MATERIAL FOR THIS EXERCISE |
================================

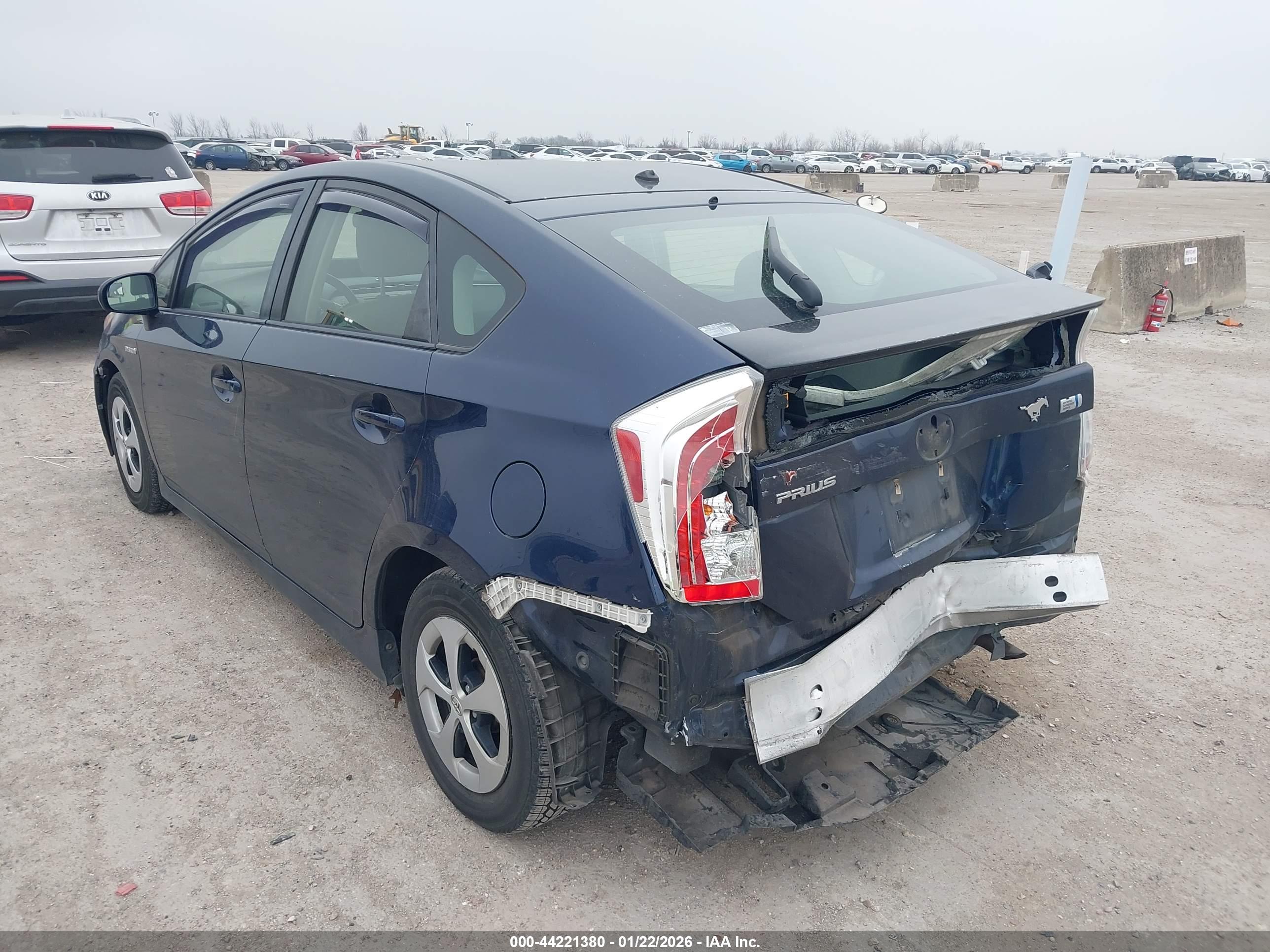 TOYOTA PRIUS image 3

================================

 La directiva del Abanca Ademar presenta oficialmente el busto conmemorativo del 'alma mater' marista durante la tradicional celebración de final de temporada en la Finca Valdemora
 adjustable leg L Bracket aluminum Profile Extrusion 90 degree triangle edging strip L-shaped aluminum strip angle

================================

PROBLEM DETAILS | Give back exactly the lines above, from the line containing "La directiva del" through the line containing "adjustable leg L", with both end lines and nothing more.

SOLUTION FOR THIS PROBLEM |
 La directiva del Abanca Ademar presenta oficialmente el busto conmemorativo del 'alma mater' marista durante la tradicional celebración de final de temporada en la Finca Valdemora
 adjustable leg L Bracket aluminum Profile Extrusion 90 degree triangle edging strip L-shaped aluminum strip angle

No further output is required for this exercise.